Starting at the first line of the entries below, output every line exactly, up to and including the line with "yaazhinii online show from 7, 4, 2026".

* * * *

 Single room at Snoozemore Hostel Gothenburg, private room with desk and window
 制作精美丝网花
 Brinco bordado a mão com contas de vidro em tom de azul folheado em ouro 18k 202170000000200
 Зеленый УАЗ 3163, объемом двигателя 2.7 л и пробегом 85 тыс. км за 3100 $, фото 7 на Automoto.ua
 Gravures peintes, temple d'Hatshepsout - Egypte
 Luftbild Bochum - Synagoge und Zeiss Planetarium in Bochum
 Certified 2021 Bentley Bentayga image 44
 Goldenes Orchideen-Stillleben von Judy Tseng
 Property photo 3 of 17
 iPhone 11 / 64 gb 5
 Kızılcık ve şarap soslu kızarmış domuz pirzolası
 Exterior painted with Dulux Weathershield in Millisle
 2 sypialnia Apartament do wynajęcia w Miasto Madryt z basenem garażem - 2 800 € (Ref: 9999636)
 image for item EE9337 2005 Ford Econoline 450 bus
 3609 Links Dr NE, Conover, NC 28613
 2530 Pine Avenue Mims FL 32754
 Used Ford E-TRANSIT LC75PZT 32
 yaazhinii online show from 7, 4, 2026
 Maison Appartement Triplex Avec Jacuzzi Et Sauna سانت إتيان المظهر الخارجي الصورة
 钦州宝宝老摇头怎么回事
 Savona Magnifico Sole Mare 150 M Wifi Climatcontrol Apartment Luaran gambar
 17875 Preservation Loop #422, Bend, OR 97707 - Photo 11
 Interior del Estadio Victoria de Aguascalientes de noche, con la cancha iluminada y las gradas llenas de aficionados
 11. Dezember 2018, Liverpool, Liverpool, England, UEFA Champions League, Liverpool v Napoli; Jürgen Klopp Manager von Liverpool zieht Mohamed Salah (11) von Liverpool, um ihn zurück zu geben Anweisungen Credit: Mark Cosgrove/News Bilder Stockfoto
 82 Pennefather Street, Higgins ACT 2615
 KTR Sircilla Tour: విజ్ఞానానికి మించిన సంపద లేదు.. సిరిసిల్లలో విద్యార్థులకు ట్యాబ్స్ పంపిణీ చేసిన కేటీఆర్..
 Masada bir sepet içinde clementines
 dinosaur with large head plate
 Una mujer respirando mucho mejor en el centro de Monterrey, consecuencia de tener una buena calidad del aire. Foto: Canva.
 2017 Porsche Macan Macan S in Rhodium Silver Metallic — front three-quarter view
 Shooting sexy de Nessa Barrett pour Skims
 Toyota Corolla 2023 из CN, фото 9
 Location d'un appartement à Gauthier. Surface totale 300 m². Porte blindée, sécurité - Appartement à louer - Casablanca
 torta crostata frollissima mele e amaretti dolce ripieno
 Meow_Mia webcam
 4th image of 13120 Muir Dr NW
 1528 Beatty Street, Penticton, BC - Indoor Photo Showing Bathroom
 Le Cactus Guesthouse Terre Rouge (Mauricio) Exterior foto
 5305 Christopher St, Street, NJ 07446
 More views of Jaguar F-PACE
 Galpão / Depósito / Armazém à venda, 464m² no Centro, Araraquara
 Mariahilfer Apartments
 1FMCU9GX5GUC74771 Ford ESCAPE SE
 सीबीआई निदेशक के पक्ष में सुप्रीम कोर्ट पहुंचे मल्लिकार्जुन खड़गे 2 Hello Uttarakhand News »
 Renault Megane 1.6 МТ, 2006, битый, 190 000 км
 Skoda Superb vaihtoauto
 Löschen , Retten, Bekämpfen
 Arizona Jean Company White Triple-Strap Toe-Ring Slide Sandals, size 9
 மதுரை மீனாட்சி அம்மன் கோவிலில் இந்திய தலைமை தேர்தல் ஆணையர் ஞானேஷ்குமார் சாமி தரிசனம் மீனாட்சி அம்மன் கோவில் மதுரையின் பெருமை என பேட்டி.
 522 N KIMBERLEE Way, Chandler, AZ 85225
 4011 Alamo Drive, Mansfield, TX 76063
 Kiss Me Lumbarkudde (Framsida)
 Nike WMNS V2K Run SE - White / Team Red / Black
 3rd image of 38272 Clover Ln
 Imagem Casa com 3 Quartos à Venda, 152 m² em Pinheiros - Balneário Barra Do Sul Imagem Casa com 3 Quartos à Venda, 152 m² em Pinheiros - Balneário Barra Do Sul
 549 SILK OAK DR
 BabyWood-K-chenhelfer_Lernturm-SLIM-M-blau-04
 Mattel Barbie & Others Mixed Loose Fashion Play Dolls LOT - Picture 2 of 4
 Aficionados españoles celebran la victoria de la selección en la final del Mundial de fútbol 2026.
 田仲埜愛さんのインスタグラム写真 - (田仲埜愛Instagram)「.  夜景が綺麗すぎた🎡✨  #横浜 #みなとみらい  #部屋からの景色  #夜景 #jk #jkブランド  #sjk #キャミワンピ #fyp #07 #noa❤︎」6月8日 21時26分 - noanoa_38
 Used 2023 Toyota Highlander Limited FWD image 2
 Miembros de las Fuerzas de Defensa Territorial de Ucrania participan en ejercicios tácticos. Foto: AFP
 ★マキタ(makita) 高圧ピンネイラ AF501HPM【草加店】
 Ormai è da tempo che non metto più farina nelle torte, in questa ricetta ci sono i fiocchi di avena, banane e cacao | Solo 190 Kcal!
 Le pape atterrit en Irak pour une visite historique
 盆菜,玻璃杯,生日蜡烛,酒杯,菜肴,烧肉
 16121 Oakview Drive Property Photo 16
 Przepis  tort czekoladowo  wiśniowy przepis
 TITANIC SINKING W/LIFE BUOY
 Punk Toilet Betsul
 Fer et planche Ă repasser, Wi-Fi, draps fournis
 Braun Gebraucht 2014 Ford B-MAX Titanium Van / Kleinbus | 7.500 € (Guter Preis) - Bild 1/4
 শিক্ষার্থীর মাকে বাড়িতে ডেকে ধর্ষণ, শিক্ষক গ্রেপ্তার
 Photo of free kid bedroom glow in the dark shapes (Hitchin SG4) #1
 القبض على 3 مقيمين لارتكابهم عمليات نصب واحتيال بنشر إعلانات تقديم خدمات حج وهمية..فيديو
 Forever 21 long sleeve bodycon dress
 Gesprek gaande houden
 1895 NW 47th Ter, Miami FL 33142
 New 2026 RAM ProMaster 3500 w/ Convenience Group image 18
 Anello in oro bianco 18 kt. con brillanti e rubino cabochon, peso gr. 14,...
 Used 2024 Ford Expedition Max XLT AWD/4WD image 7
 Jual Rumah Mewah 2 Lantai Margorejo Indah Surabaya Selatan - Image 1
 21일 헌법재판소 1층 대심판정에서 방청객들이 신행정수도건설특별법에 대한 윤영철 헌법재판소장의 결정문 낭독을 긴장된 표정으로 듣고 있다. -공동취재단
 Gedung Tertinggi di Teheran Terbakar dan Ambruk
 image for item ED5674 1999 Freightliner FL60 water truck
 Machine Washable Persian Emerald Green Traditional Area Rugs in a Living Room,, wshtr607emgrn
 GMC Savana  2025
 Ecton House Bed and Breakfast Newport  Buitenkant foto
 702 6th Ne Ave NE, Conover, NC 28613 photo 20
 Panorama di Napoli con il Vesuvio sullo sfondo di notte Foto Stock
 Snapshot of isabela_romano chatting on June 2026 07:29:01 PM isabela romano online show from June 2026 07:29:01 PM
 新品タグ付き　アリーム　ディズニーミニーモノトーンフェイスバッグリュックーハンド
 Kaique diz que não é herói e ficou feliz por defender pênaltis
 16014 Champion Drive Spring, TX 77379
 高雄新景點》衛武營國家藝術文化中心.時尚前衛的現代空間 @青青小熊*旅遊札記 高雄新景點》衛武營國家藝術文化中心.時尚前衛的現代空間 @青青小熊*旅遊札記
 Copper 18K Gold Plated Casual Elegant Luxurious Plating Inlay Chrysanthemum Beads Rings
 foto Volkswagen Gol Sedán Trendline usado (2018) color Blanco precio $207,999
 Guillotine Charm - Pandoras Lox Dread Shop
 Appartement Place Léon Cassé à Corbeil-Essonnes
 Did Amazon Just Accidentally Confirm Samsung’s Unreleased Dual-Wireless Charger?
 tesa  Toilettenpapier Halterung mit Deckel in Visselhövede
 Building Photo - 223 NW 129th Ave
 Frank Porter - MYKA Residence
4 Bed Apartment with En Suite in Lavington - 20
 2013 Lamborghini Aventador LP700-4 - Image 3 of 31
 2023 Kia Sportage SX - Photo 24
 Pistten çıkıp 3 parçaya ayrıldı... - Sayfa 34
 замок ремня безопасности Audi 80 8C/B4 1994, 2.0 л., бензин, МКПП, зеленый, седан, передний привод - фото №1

* * * *

Solution to this problem:
 Single room at Snoozemore Hostel Gothenburg, private room with desk and window
 制作精美丝网花
 Brinco bordado a mão com contas de vidro em tom de azul folheado em ouro 18k 202170000000200
 Зеленый УАЗ 3163, объемом двигателя 2.7 л и пробегом 85 тыс. км за 3100 $, фото 7 на Automoto.ua
 Gravures peintes, temple d'Hatshepsout - Egypte
 Luftbild Bochum - Synagoge und Zeiss Planetarium in Bochum
 Certified 2021 Bentley Bentayga image 44
 Goldenes Orchideen-Stillleben von Judy Tseng
 Property photo 3 of 17
 iPhone 11 / 64 gb 5
 Kızılcık ve şarap soslu kızarmış domuz pirzolası
 Exterior painted with Dulux Weathershield in Millisle
 2 sypialnia Apartament do wynajęcia w Miasto Madryt z basenem garażem - 2 800 € (Ref: 9999636)
 image for item EE9337 2005 Ford Econoline 450 bus
 3609 Links Dr NE, Conover, NC 28613
 2530 Pine Avenue Mims FL 32754
 Used Ford E-TRANSIT LC75PZT 32
 yaazhinii online show from 7, 4, 2026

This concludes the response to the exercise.